[[ Task inputs open ]]

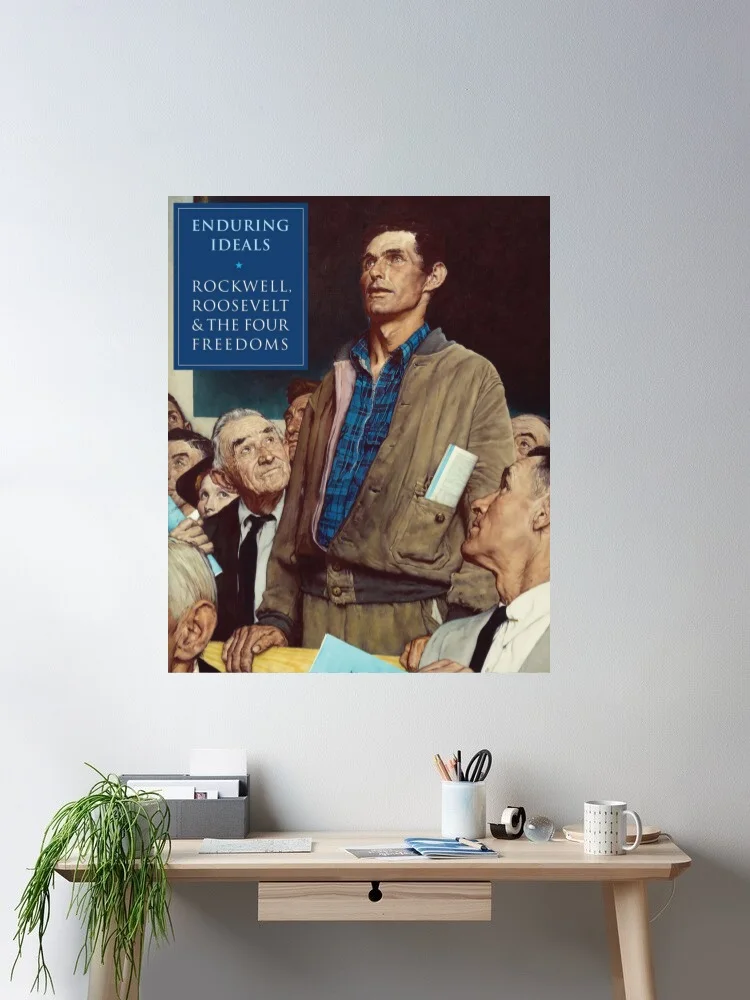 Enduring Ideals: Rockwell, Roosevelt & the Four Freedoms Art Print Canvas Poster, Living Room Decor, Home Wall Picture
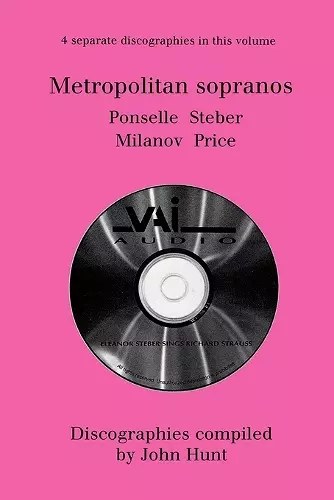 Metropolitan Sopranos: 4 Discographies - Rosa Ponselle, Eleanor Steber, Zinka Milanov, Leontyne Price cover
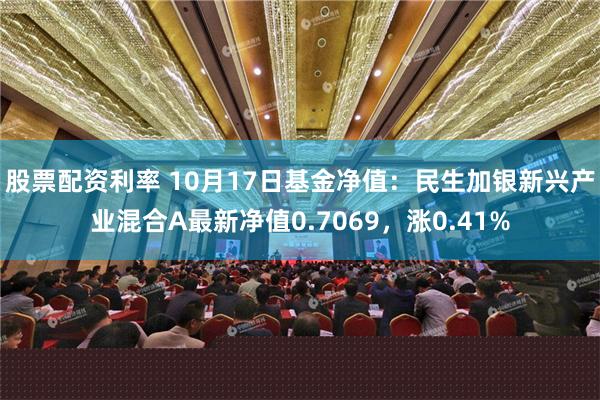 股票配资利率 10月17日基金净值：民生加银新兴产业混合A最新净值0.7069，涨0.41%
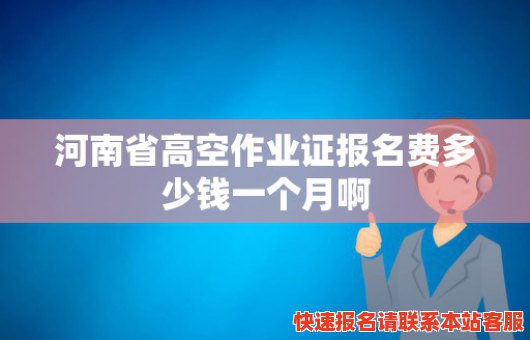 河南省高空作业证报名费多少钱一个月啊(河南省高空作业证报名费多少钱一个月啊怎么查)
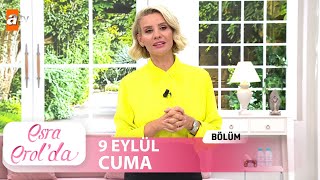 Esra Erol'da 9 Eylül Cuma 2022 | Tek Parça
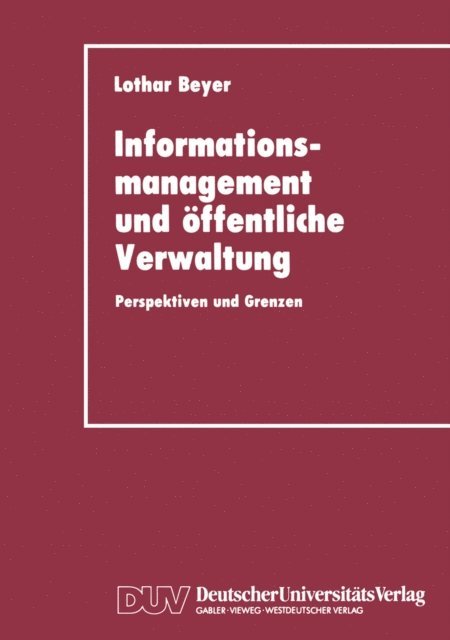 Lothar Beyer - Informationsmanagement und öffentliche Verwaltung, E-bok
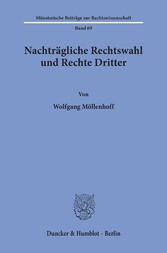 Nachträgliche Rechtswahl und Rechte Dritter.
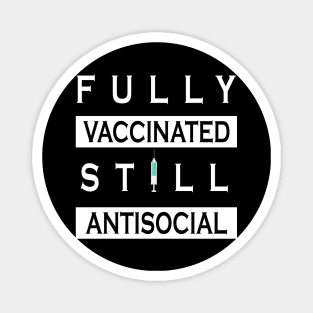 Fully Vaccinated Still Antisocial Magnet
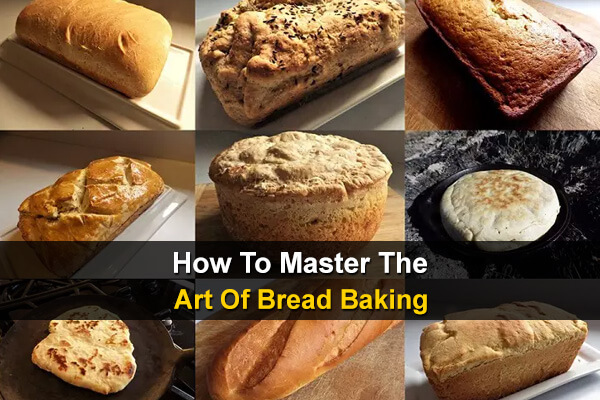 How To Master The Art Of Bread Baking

[[ Task inputs closed ]]
[[ Task inputs open ]]

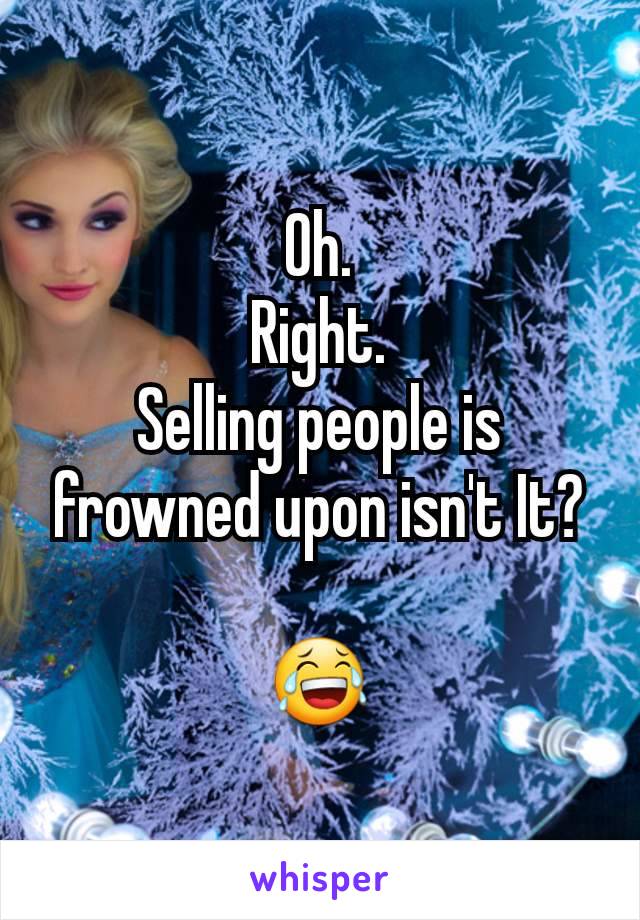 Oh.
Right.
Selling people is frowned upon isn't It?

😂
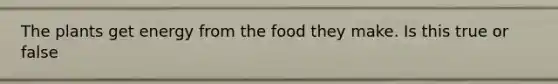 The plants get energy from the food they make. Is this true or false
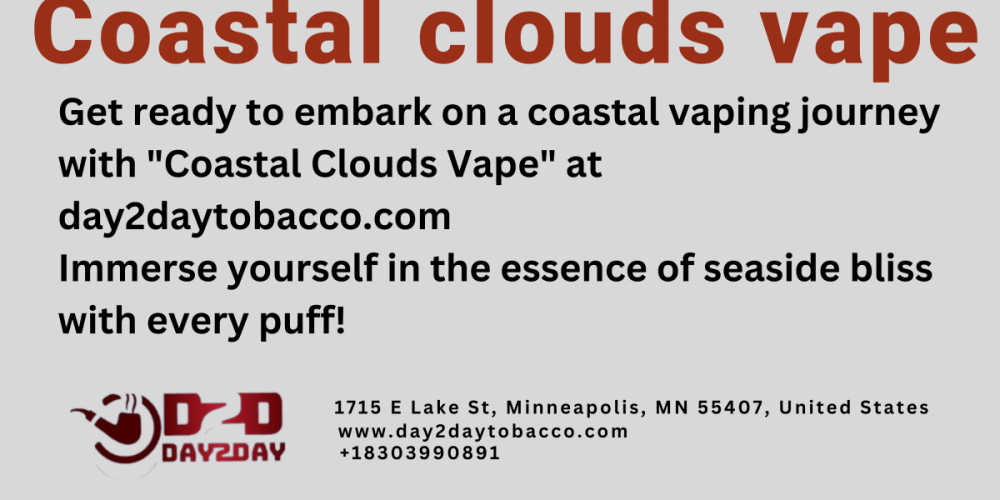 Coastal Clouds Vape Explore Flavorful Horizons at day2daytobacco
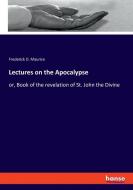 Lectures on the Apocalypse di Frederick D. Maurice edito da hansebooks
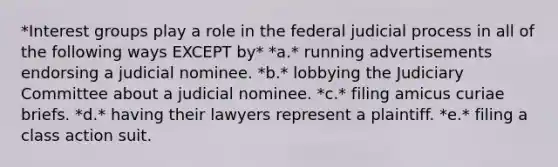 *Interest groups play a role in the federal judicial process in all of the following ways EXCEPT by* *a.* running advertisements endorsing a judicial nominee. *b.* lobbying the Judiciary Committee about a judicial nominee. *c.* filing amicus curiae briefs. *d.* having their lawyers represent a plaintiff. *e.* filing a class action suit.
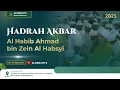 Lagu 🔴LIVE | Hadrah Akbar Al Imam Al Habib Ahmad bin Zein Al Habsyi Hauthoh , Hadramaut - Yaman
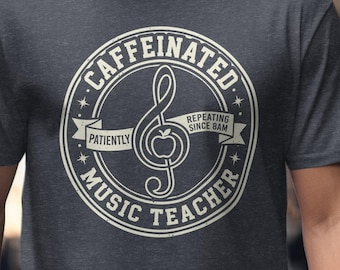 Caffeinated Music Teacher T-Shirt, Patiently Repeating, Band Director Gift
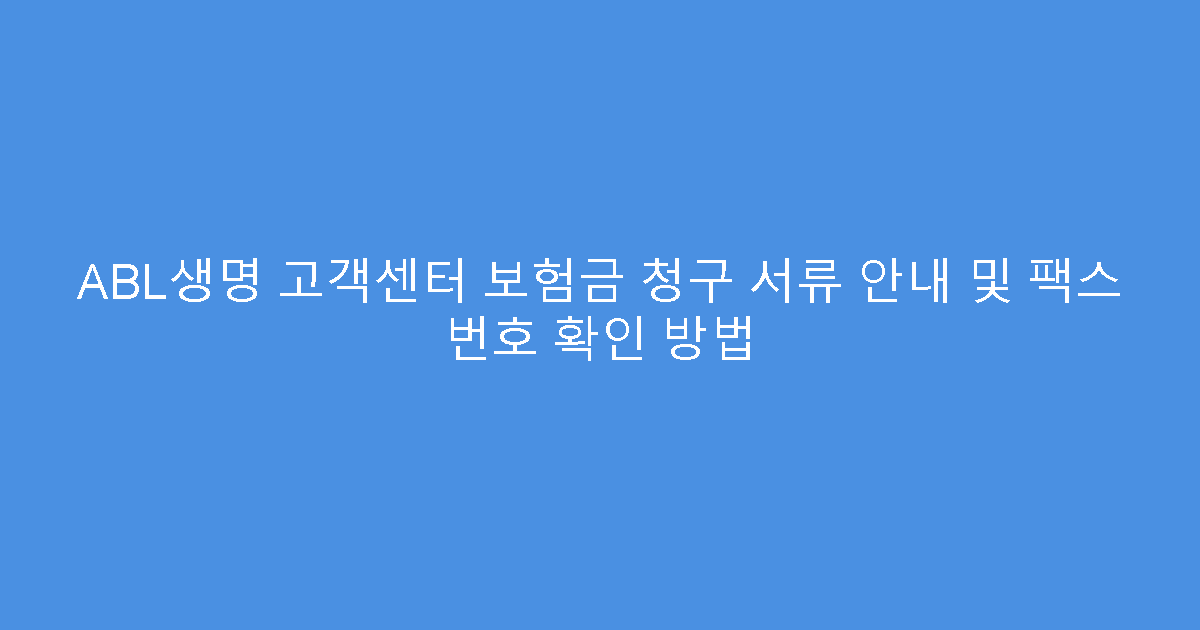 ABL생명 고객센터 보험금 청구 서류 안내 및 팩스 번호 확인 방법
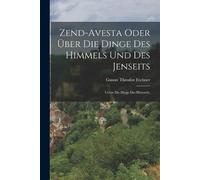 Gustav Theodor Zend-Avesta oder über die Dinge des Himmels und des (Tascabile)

[[ Task inputs closed ]]

Exercise directions:
What you return from the records above should be exactly everything from the line with "Metropolitan Sopranos: 4" down to the line with "How To Master The Art Of Bread Baking", both kept, and no pictures.

Task response:
 Metropolitan Sopranos: 4 Discographies - Rosa Ponselle, Eleanor Steber, Zinka Milanov, Leontyne Price cover
 股票配资利率 10月17日基金净值：民生加银新兴产业混合A最新净值0.7069，涨0.41%
 河南省高空作业证报名费多少钱一个月啊(河南省高空作业证报名费多少钱一个月啊怎么查)
 Esra Erol'da 9 Eylül Cuma 2022 | Tek Parça
 Lothar Beyer - Informationsmanagement und öffentliche Verwaltung, E-bok
 Nachträgliche Rechtswahl und Rechte Dritter.
 Fully Vaccinated Still Antisocial Magnet
 How To Master The Art Of Bread Baking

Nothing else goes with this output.